The response should consist only of the lines from the one with "Page 84 of Koi" to the end of the data below, copied exactly and without pictures.

» **Data**:
-- Opening Marker --

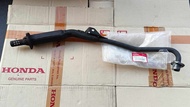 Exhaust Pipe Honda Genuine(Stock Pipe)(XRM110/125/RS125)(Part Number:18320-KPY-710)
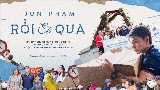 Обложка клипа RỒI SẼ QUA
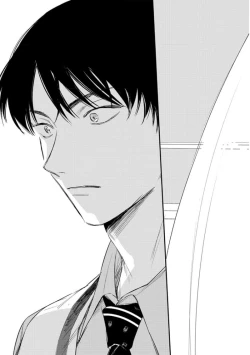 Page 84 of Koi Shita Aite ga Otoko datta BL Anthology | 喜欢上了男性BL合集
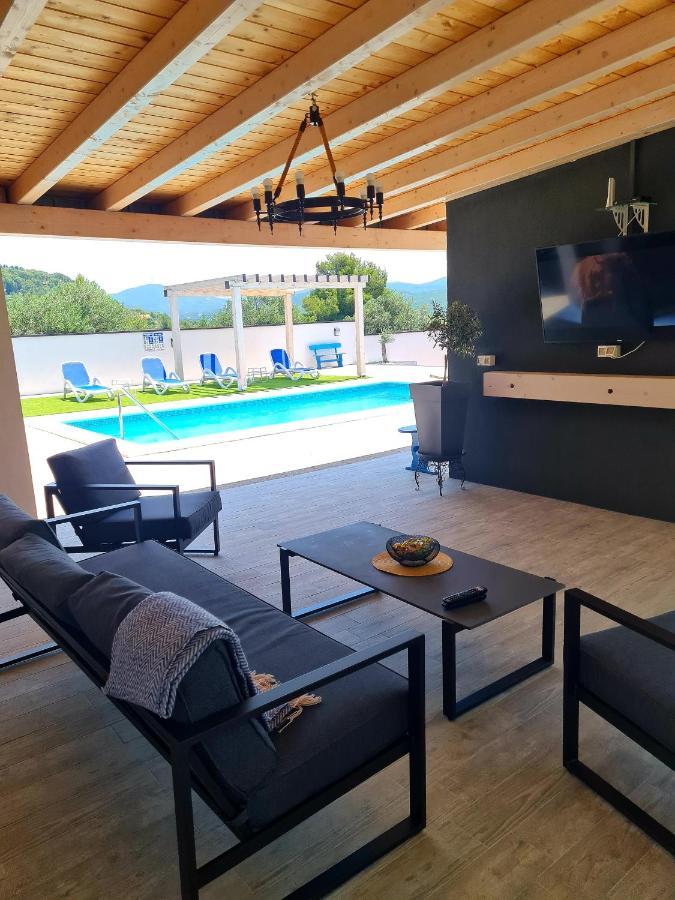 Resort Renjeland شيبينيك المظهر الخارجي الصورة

-- Closing Marker --

» **The answer**:
 Page 84 of Koi Shita Aite ga Otoko datta BL Anthology | 喜欢上了男性BL合集
 Resort Renjeland شيبينيك المظهر الخارجي الصورة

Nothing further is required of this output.